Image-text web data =
--------------------
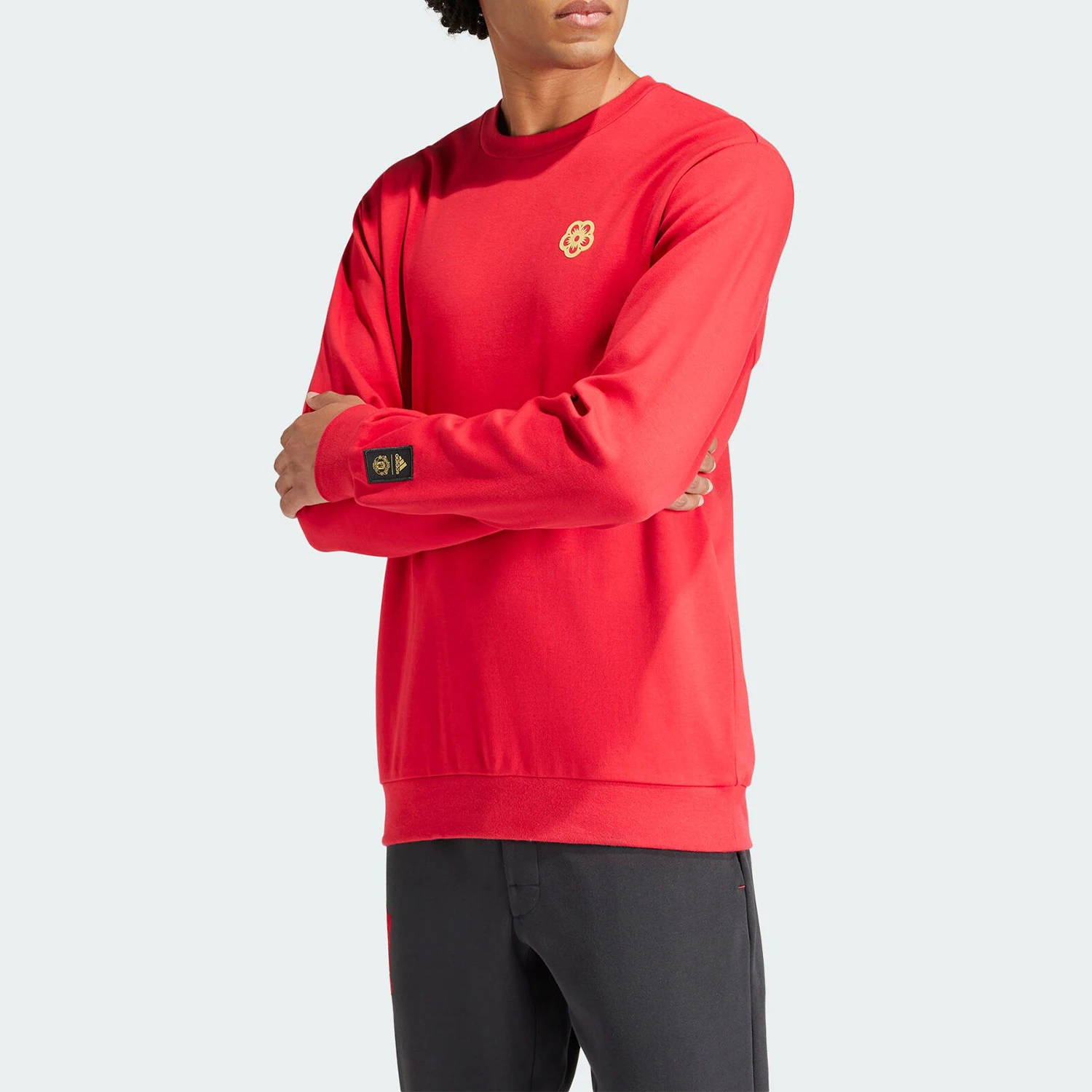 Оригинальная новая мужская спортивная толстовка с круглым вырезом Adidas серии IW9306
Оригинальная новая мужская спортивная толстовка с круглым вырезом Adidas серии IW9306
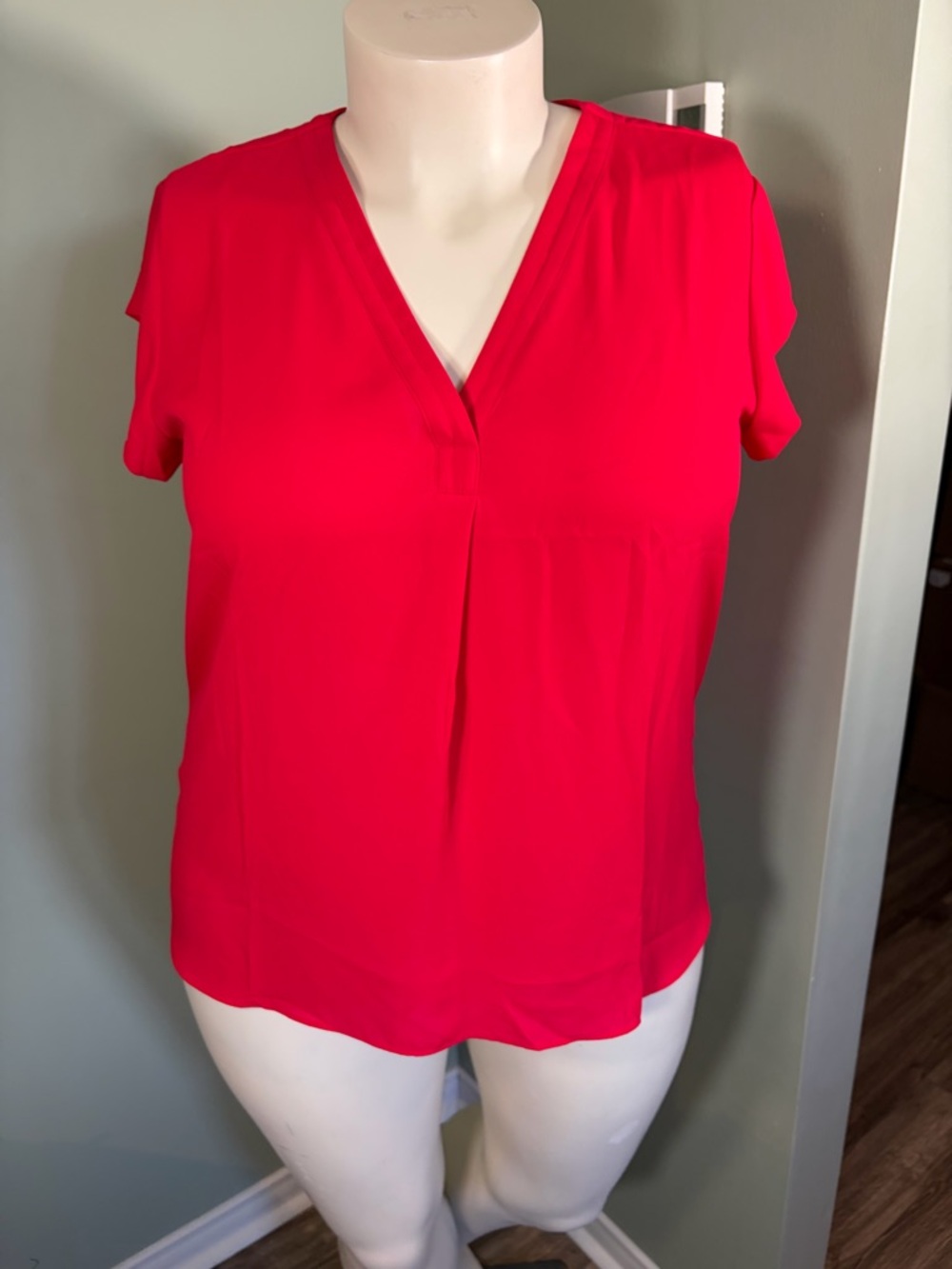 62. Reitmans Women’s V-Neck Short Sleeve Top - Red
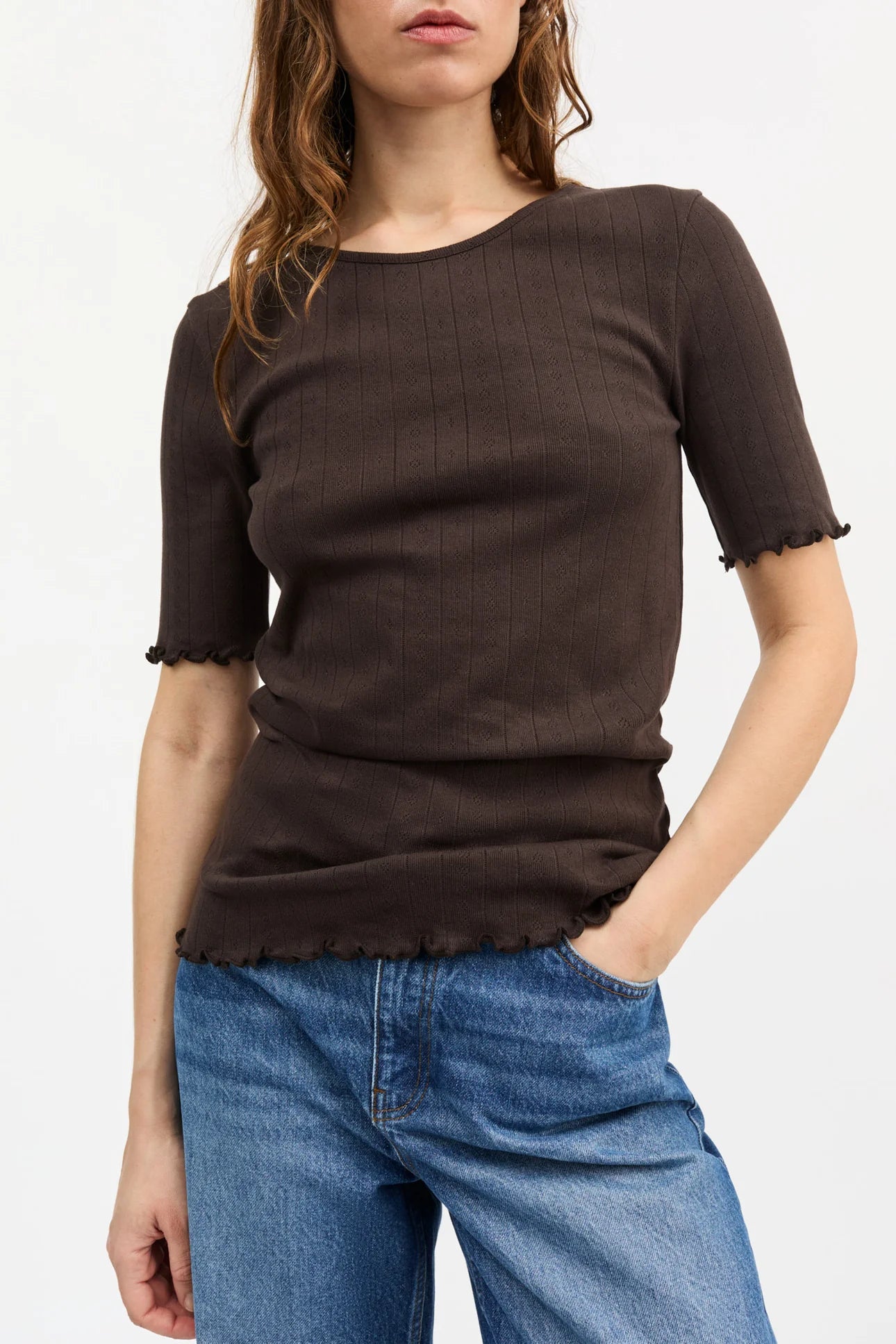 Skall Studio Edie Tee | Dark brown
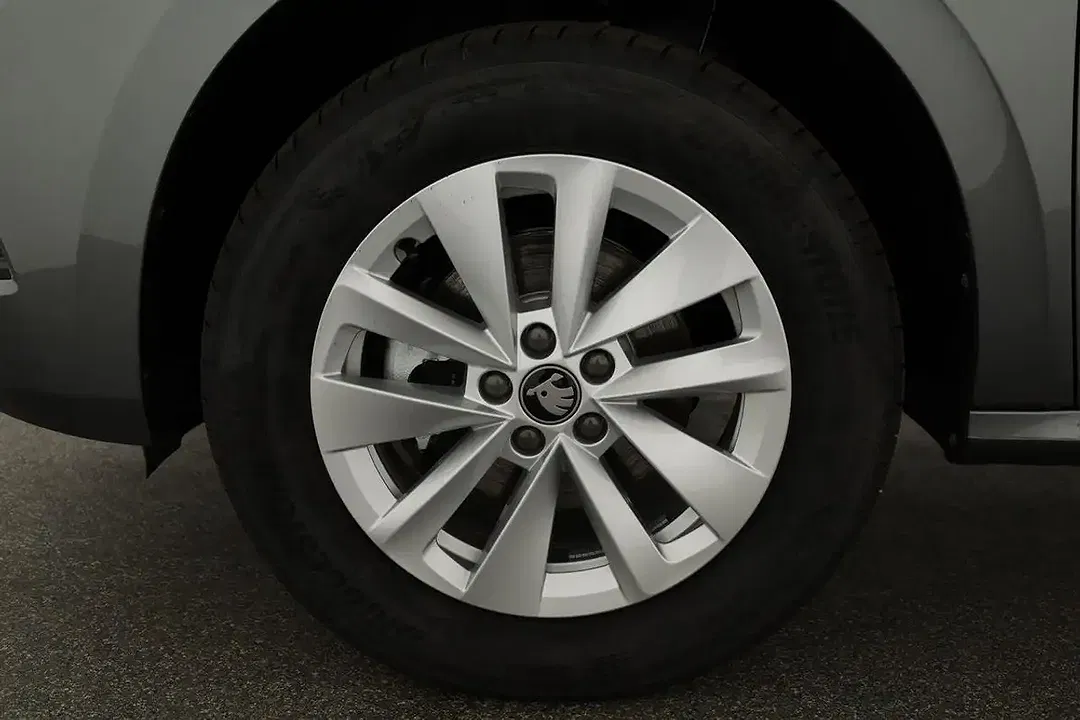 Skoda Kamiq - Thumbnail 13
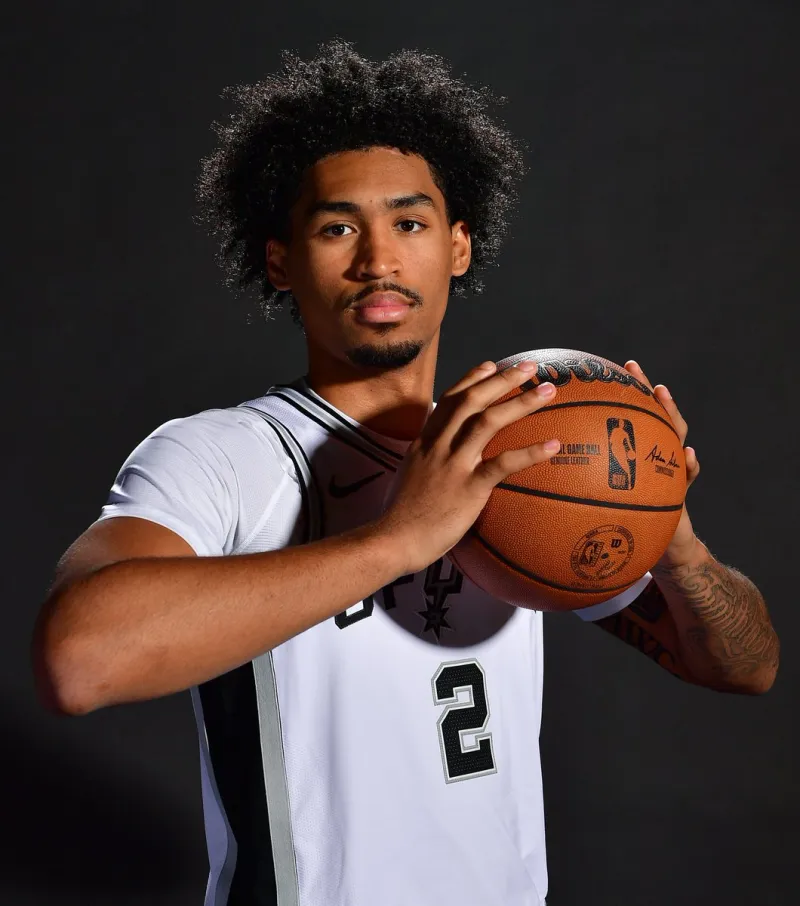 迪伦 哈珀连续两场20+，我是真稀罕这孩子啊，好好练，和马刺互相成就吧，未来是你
--------------------
EXERCISE DIRECTIONS =
Could you set down the records above exactly, skipping any picture?

SOLVED PROBLEM =
 Оригинальная новая мужская спортивная толстовка с круглым вырезом Adidas серии IW9306
Оригинальная новая мужская спортивная толстовка с круглым вырезом Adidas серии IW9306
 62. Reitmans Women’s V-Neck Short Sleeve Top - Red
 Skall Studio Edie Tee | Dark brown
 Skoda Kamiq - Thumbnail 13
 迪伦 哈珀连续两场20+，我是真稀罕这孩子啊，好好练，和马刺互相成就吧，未来是你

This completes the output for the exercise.